3

I'm looking for some LaTeX template for creating quality output. On R-bloggers I've bumped on Frank Harrel's Rreport package. Due to my quite modest LaTeX abilities, only a user-friendly (and noob-friendly) interface should suffice. Here's a link to an official website. I'm following the instructions, but I cannot manage to install an app. I use Ubuntu 9.10, R version is 2.10.1 (updated regularly from UCLA's CRAN server), and of course, cvs is installed on my system.

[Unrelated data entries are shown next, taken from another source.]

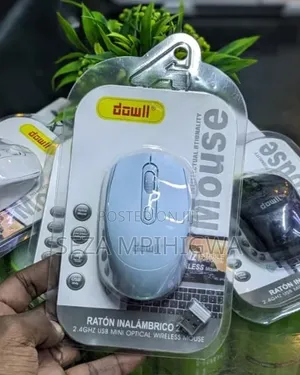 *Wireless Mouse Dowll*
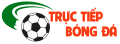 Tructiepbongdanw Avatar, Tructiepbongdanw Profilbild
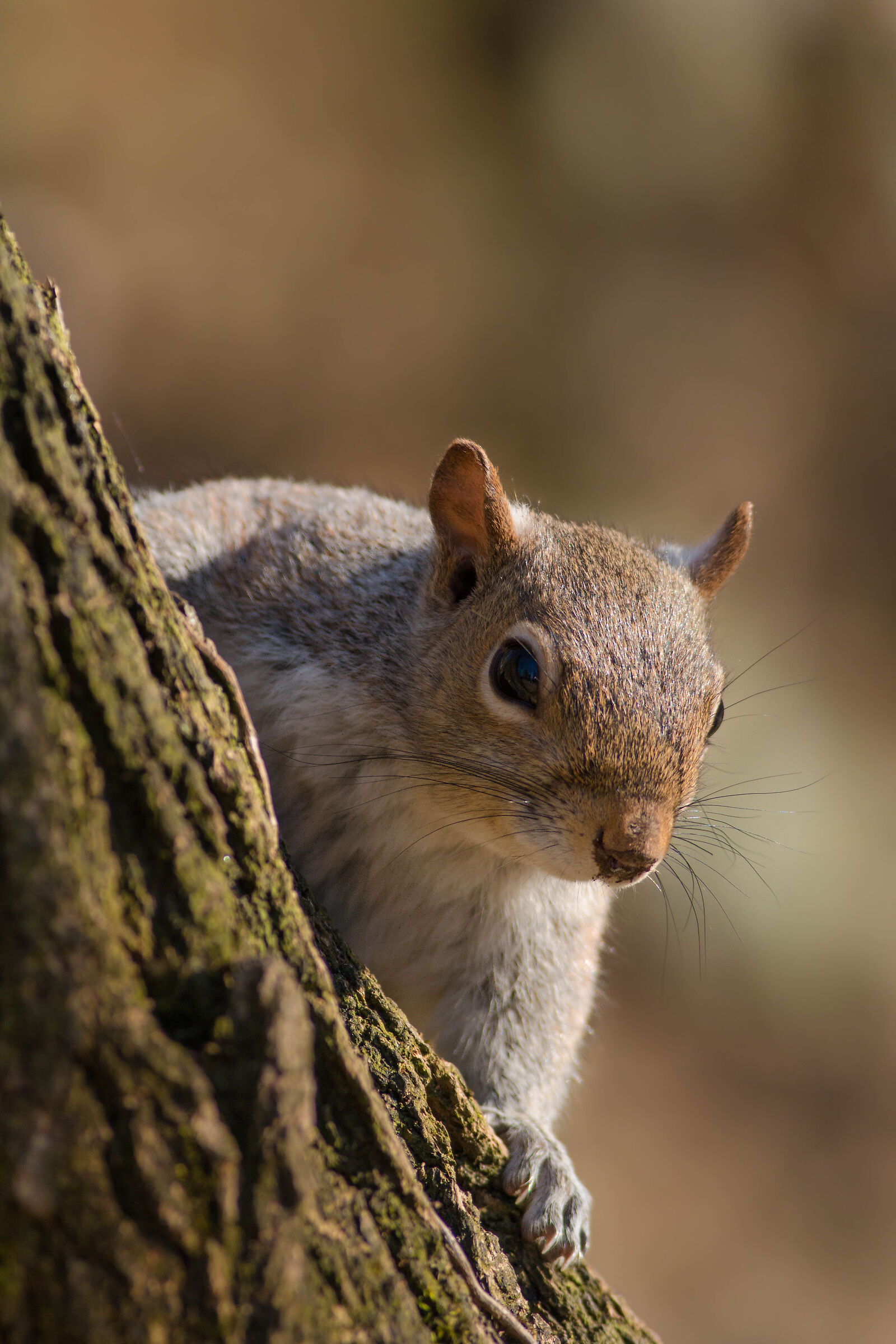 Sciurus carolinensis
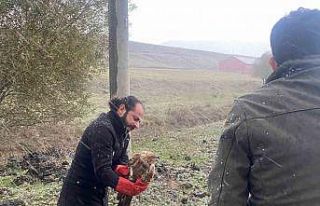 Polisten atmacaya uzanan şefkat eli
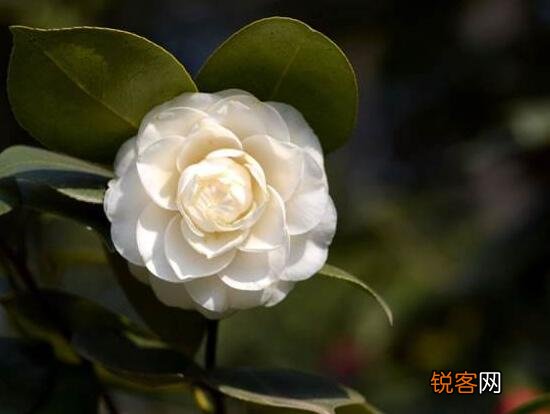 茶花的花语是什么 不同颜色山茶花花语及代表意义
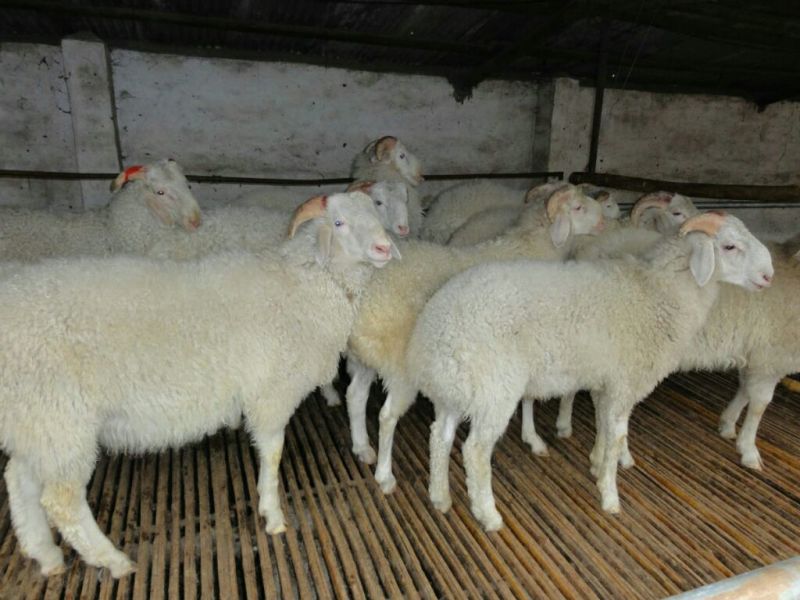 杜寒杂交羊种羊肉羊大量出栏，全国送货，货到付款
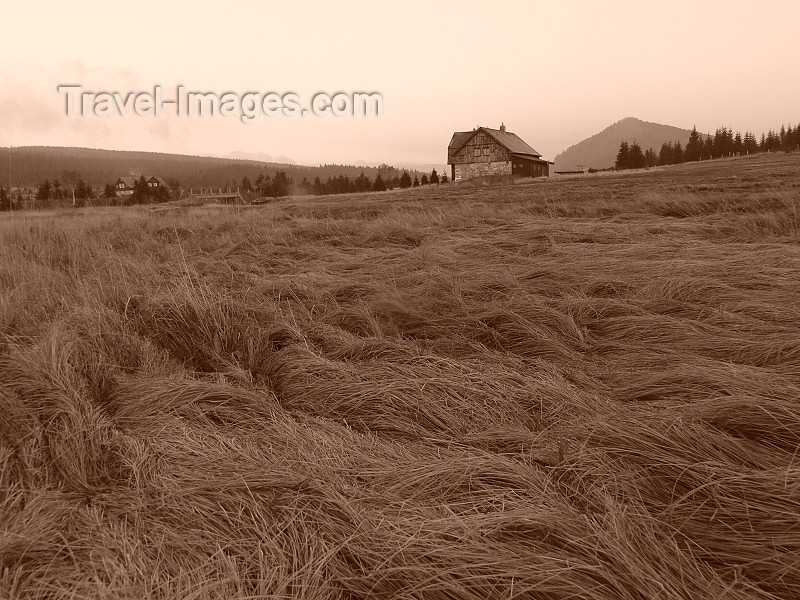 czech486: Czech Republic - Jizera Mountains / Jizerske hory: fields - Liberec Region - photo by J.Kaman - (c) Travel-Images.com - Stock Photography agency - Image Bank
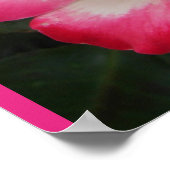 Rode Roos Rozen Bloem Tuin Poster (Hoek)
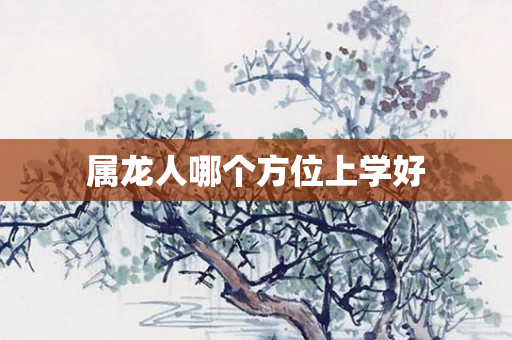 属龙人哪个方位上学好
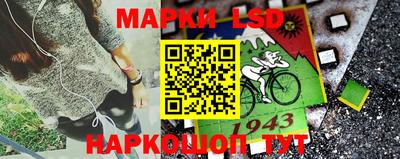 spice Славгород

Now, I'd like to know if there is some user-friendly LaTeX template package (Sweave is still to advanced/spartan for me). I'm aware that my question is quite confounding, but a brief glance on examples on Rreport page should give you a hint. I'm aware that LaTeX skills are a must, but just for now I need something that will suit my needs (as a psychological researcher).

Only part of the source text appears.